Woke up and finished filling the trash bag. A few shirts I didn't like emblazoned with logos of bands I did and vice versa. Another stretched hoodie I'll not wear again ever. Got the bag full enough it started to fray, threw on pants, shoes and a hat and drug the bag to the 7, hopped off a few stops later. Walked across a long parking lot and tossed the bag in a big blue bin with wheels.

It's been more than a few years I've been meaning to do a clothing purge. But I've always meant to scour the various used clothing stores of the city-- get the most bang for my buck. I've hit Bon Voyage with mixed success, Madison's with none, Red Light with maybe one shirt offloaded? A few weeks ago I grabbed the most egregious of the clothing items and let them slide down the Addison trash chute.

But today's selections were different, nearly sentimental, nearly practical, all the reasons you keep things when you maybe shouldn't. Or should, if you were actually gonna hit every thrift shop. If you were really going to take those pants to a tailor, those shoes to a cobbler. Really going to cut all those logos out and make them into patches.

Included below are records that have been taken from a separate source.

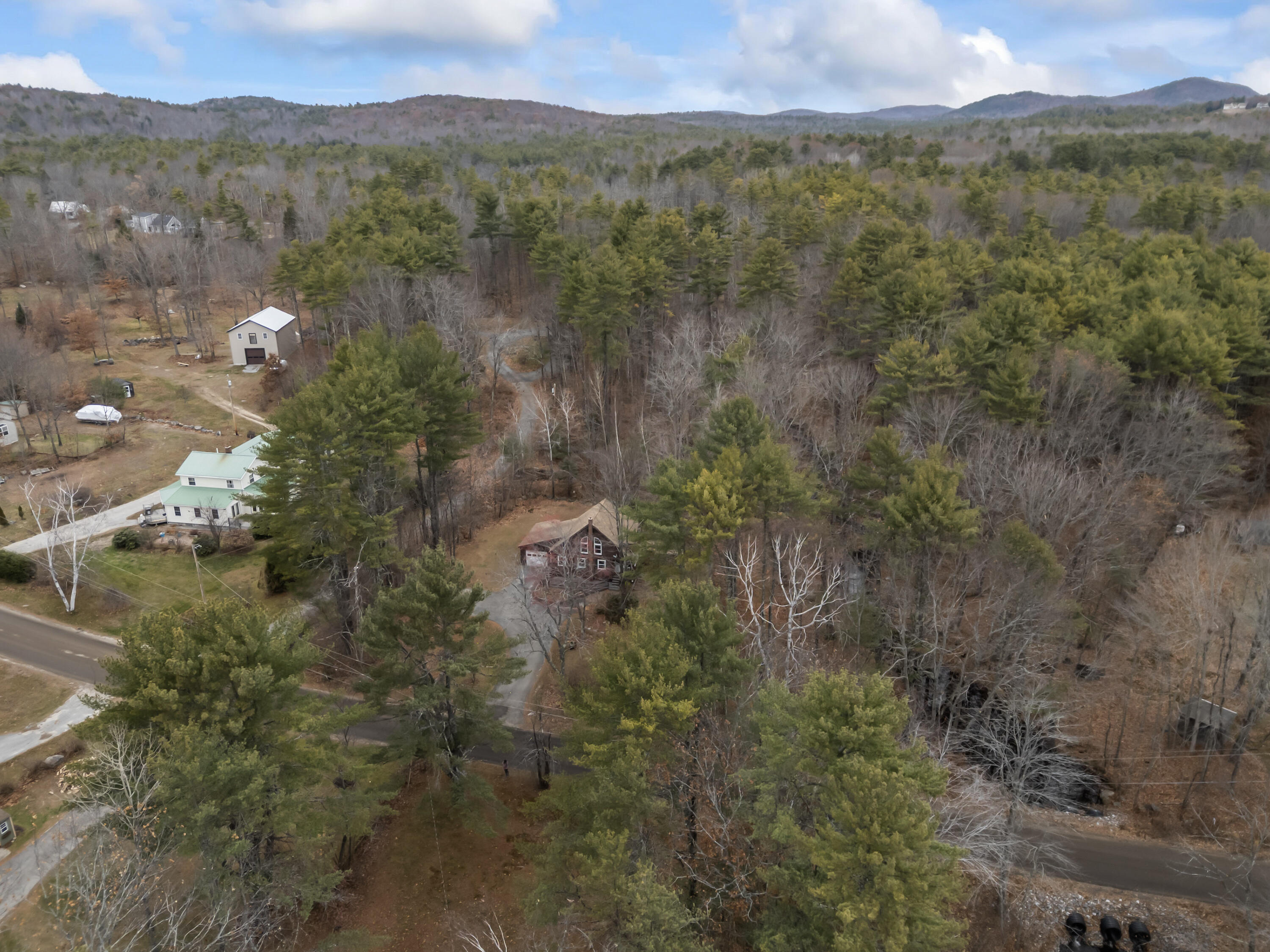 84 Watkins Shores Road Casco, ME 04015 - Photo 68 of 84 84 Watkins Shores Rd_136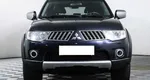 Mitsubishi pajero sport акпп 2011 с пробегом 99 711 км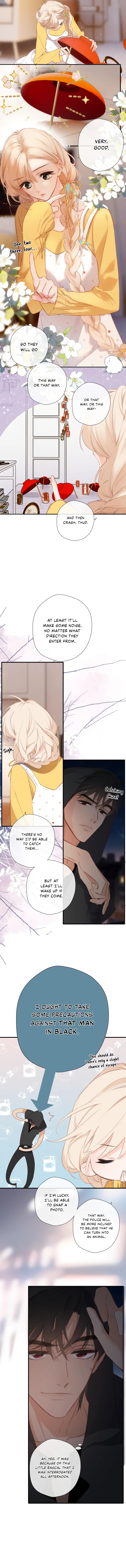 Back to Spring chapter 3 page 4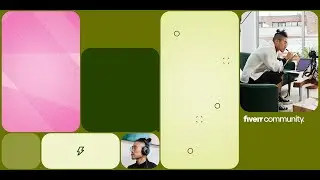 Fiverr | What About AI & Storytelling? ft. Taryn Southern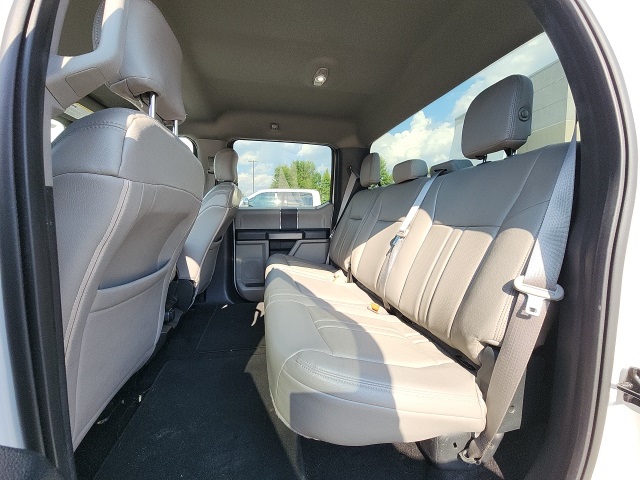 2018 Ford F-150 XLT photo 15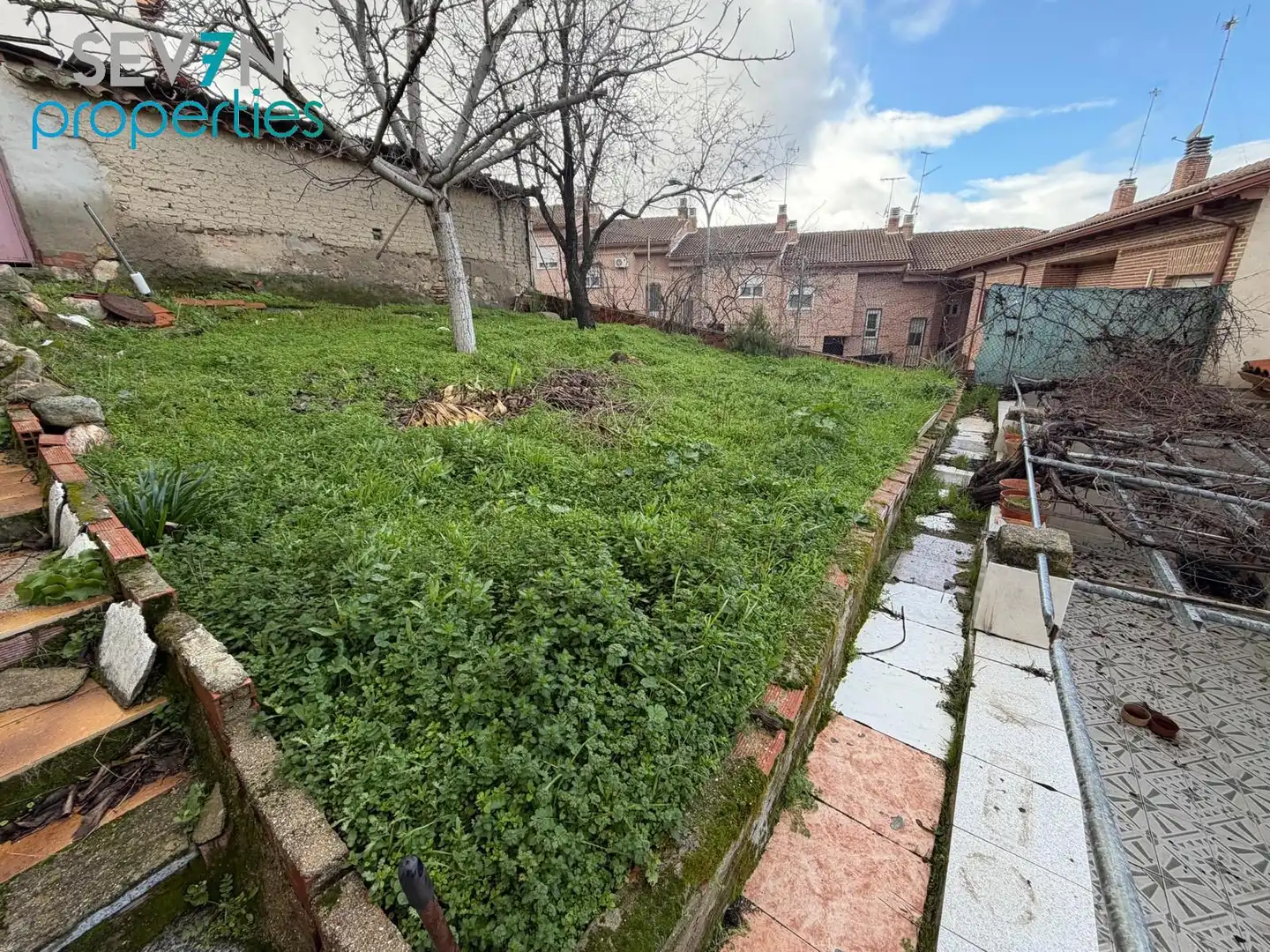 Villa avec terrasse à vendre à Prado S/N, imagen 15
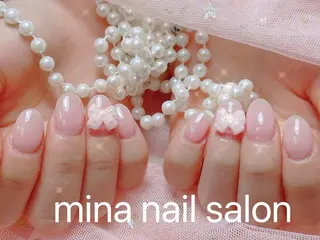 ネイル 🎀まゆ 🪽🐾のネイルデザイン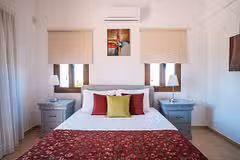 Villa Andrea double room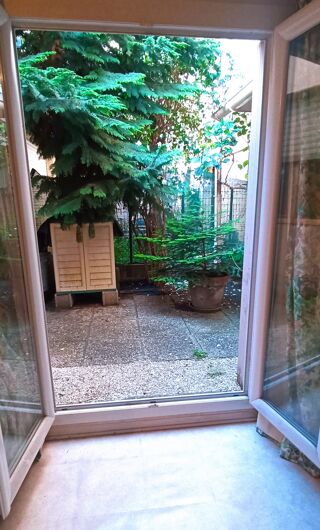  Appartement � vendre 3 pi�ces 60 m�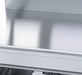 Waldorf 800 Series BT8900S-CB - 900mm Bench Top With Salamander Support Cabinet Base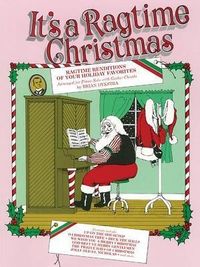 Produktbild: It's a Ragtime Christmas: Piano Solo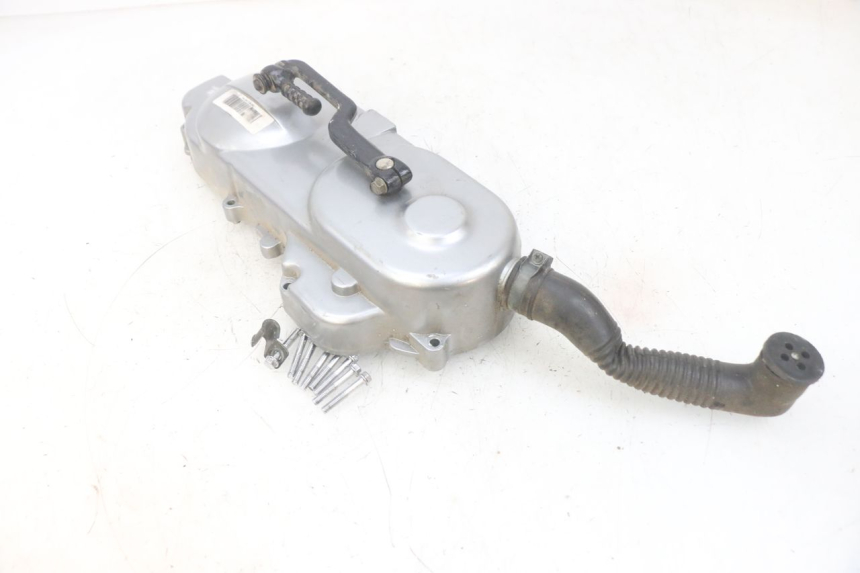 photo de TAMPA DO VARIADOR JM MOTORS SANTANA 50 (2014 - 2023) - Pontos de fixação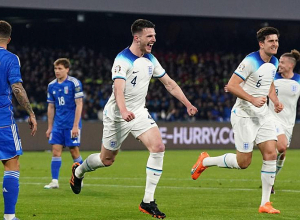 Չեմպիոնի առաջին սայթաքումը, Ռոնալդուի և Քեյնի նոր ռեկորդները. Եվրո-2024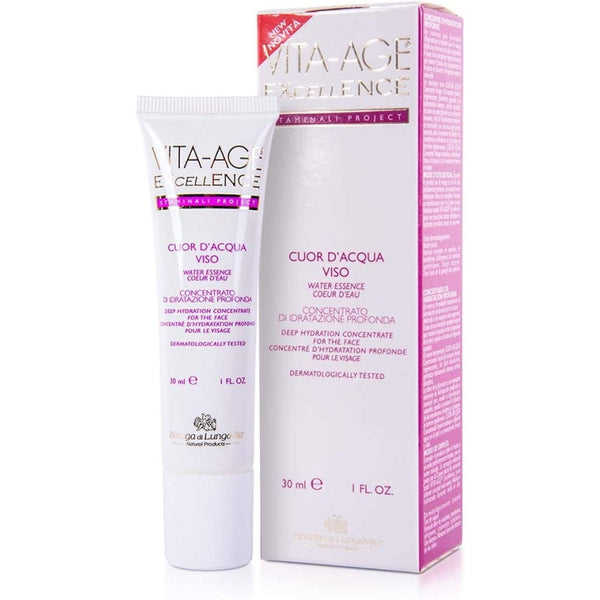 VITA AGE EXCELLENCE Water Essence Deep Hydration Face Cream 30ml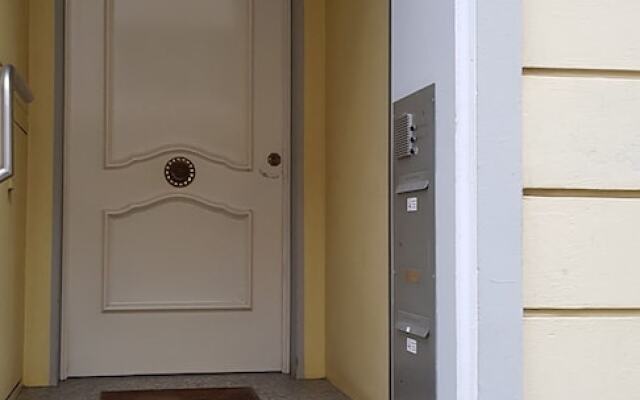 Center City Villa
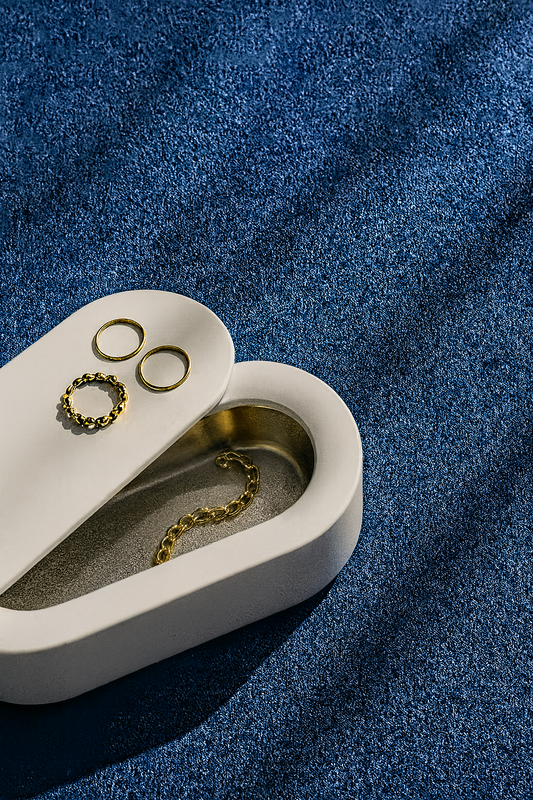 PureSonic Ultrasonic Cleaner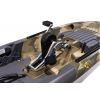 Kajak s pedálmi BIG FISH 103 PROFISH DRIVE 320cm Farba: Terra Camo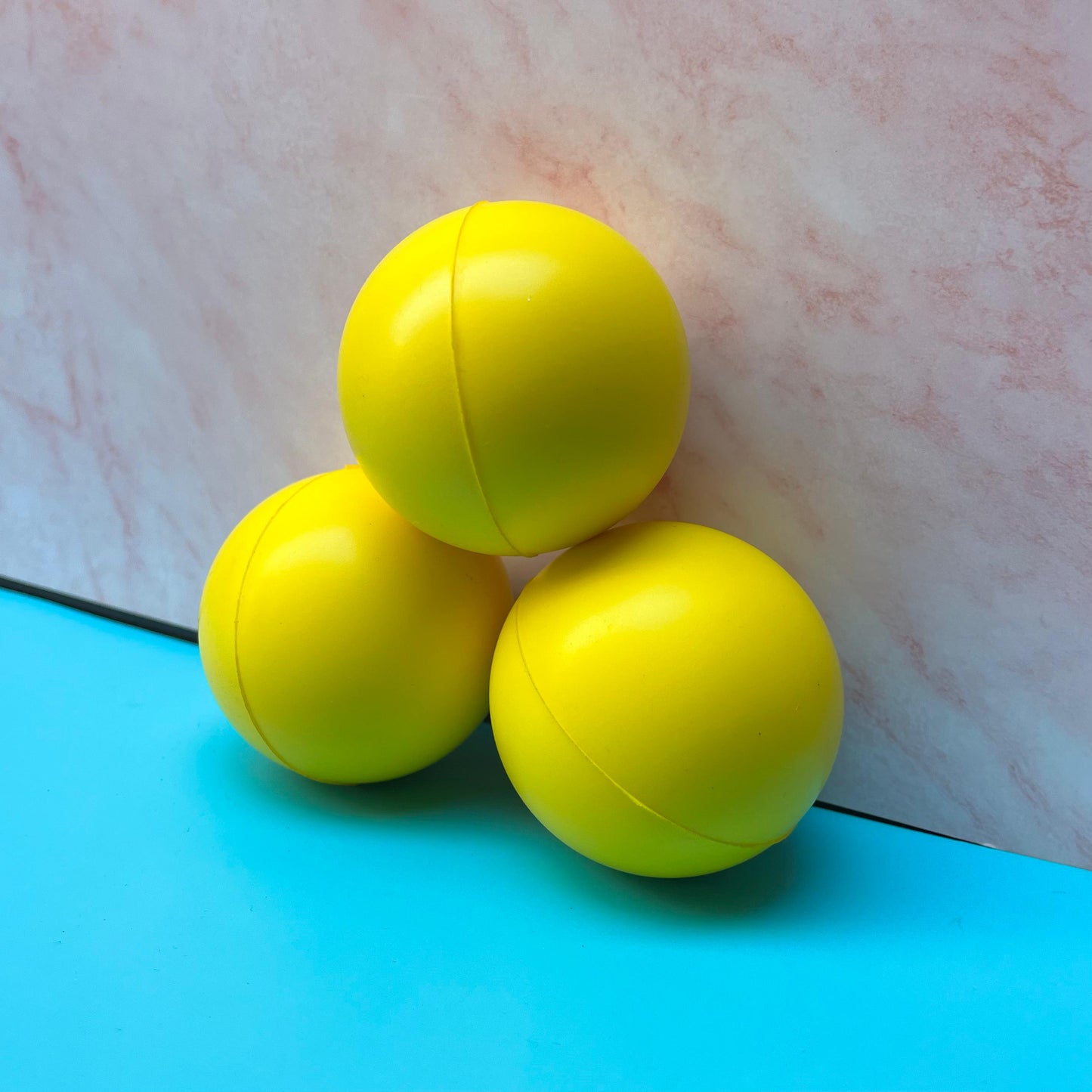 antiestres pelota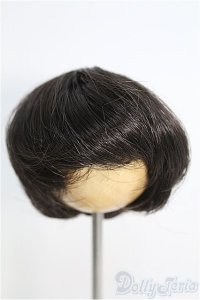 【SALE】6〜7inch/ウィッグ I-25-02-09-2014-TO-ZI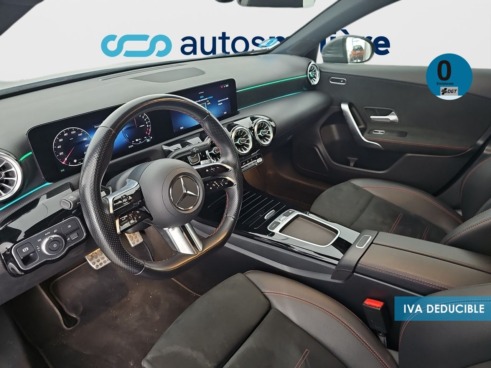 2845e590-9d24-b609-31ca-0384dfb18d85_original Mercedes Clase A 250 e 160 kW (218 CV) - 25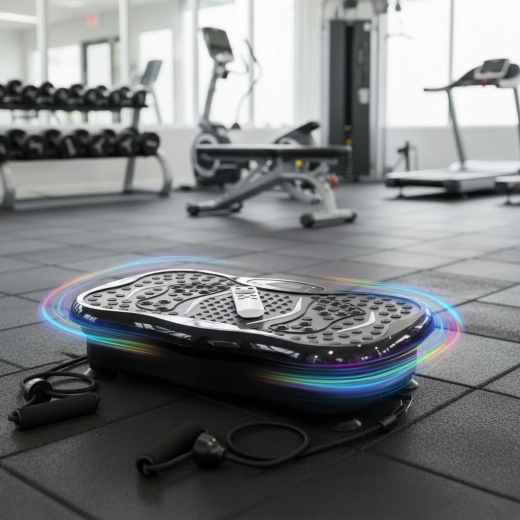 100 poziomów i 5 programów dla treningu dopasowanego do Ciebie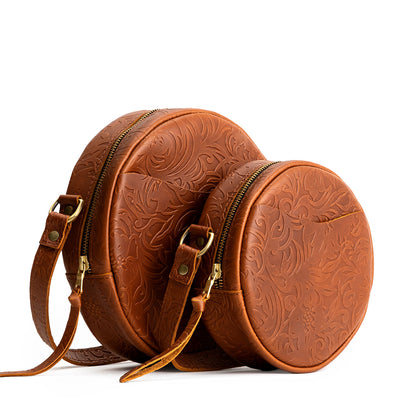 Aureva – Circle Crossbody Bag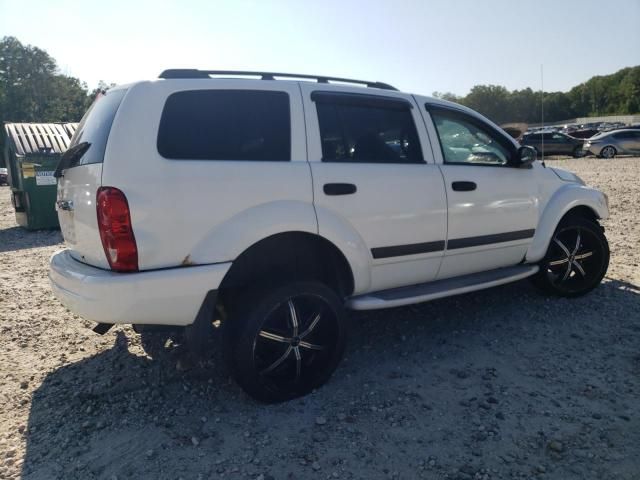 2006 Dodge Durango SLT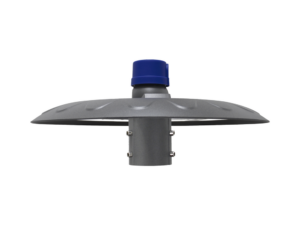 Campana Led Industrial UFO / 100 W / Suspendido-Poste / 85 - 265 Vca / Luz Fría (6500°K).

Anyway, after, with some of these items, years of equivocating and procrastinating, I got rid of them, freeing up a lot of shelf and drawer space.

But it's more the psychological weight. Over the weekend and start of the week there've been a few other things that, for privacy and practicality's sake, aren't worth detailing, except for them having similiarly been weighing on me, and now I feel. . . lighter? To a degree I hadn't anticipated.

Of course, it is dark and rainy and I'm drinking an Alaskan Porter, so there's a limit to Just How Light I'll feel.

But this has already been a year of upheaval, and it seems that's a trend that will continue, for better and worse, so making the best.